Reading Missing Values Using List Input
As mentioned in our review of list input, whenever our data contain missing values, we have to make sure that there is a placeholder in place of the missing values ... a period or some other character. If not, when using list input, the blank field causes the matching of variable names and values to get out of sync. You can imagine a situation in which you have a large data file ... let's say 5,000 records and 100 variables ... with no placeholders in place for the data values that are missing. You certainly wouldn't want to have to enter missing value placeholders into the data file just so you could read the data file into a SAS data set. Fortunately, there are ways around this problem! You've already seen one way in the last section, namely the use of the INFILE statement's MISSOVER option. That option will serve you well when using list input too, providing all of your missing values are at the end of a record. The other way, namely the use of the INFILE statement's DSD option, will serve you well when your missing values are at the beginning or middle of a record.
Example 20.9
The following program uses list input and the INFILE statement's MISSOVER option to read in the number of books five children read each week in a library's summer reading program when some of the values are missing at the end of a record:
DATA reading;
infile DATALINES MISSOVER;
input Name $ Week1-Week5;
DATALINES;
Robin 3 2 5 1 6
Jack 4 4 4 3 4
Tim 3 0 0
Martin 1 0 1 1
Caroline 2 3 4 5 6
RUN;
PROC PRINT data = reading;
title 'Summer Reading Program';
var Name Week1-Week5;
RUN;
Obs | Name | Week1 | Week2 | Week3 | Week4 | Week5 |
---|---|---|---|---|---|---|
1 | Robin | 3 | 2 | 5 | 1 | 6 |
2 | Jack | 4 | 4 | 4 | 3 | 4 |
3 | Tim | 3 | 0 | 0 | . | . |
4 | Martin | 1 | 0 | 1 | 1 | . |
5 | Caroline | 2 | 3 | 4 | 5 | 6 |
First, review the data to note that Tim has no values recorded for the fourth and fifth week and Martin has no values recorded for the fifth week. Also, note that just so you don't have to go through the rigamarole of downloading a data file and editing the INFILE statement, we are back to using the DATALINES statement to read the data instream. But, in order to still be able to take advantage of the INFILE statement's options, we have to tell SAS to expect the data after the DATALINES statement. That's why the:
infile DATALINES ...;
statement.
We need to use the INFILE statement just so we can take advantage of the statement's MISSOVER option. Just as is the case for column and formatted input, the MISSOVER option tells SAS not to advance to the next record when it doesn't find values in the current line for all of the INPUT statement variables. At the end of the current record, values that are expected but not found are set to missing.

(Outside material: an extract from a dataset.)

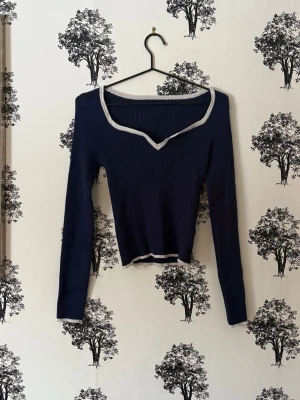 Mörkblå ribbad långärmad topp - Trendig mörkblå ribbad topp med lång ärm och ljusgrå kant vid halsringning och nederkant. Toppen har en snygg v-ringning och croppad passform som ger en modern look. Perfekt att styla med höga jeans eller kjol.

One more thing to note is the range of numeric variables:
Week1-Week5
that appears in the INPUT statement. When the variable values in the input raw data file are sequential and separated by a blank (or some other such delimiter), you can specify a range of variables in the INPUT statement, as we did in the above program. This is especially useful if your data contains similar variables. For example, if your data contain the answers to a questionnaire, you might want to call your variables q1, q2, q3, ... . Note that you can also specify a range of variables in the PRINT procedure's VAR statement.
Finally, launch and run the SAS program, and review the output to convince yourself that the data are read in properly.
It is important to keep in mind that the MISSOVER option works only for missing values that occur at the end of the record. If your data contains missing values at the beginning or middle of a record, then you need instead to take advantage of the INFILE statement's DSD option.
Example 20.10
The following program uses list input and the INFILE statement's DSD option to read in the results of a survey of five people when some of the values are missing in the middle of a record:
DATA survey;
infile DATALINES DLM=',' DSD;
input Name $ (Q1-Q5) ($);
DATALINES;
Robert,,A,C,A,D
William,B,C,A,D,A
Linda,C,B,,A,C
Lisa,D,D,D,C,A
Katherine,A,B,C,D,A
RUN;
PROC PRINT data = survey;
title 'Survey Results';
var Name Q1-Q5;
RUN;
Obs | Name | Q1 | Q2 | Q3 | Q4 | Q5 |
---|---|---|---|---|---|---|
1 | Robert | A | C | A | D | |
2 | William | B | C | A | D | A |
3 | Linda | C | B | A | C | |
4 | Lisa | D | D | D | C | A |
5 | Katherin | A | B | C | D | A |
First, review the data to note that Robert and Linda each have one missing value in the middle of their record. Also, note that the data values are delimited with commas now rather than blanks. That's why the:
DLM=','
option appears in the INFILE statement. You might recall from Stat 480 that DLM stands for delimiter. Then, you should notice the range of variables:
(Q1-Q5) ($)
that appears in the INPUT statement. We've used the proper syntax for specifying a range of character variables, namely both the variable list and the $ sign are enclosed in parentheses.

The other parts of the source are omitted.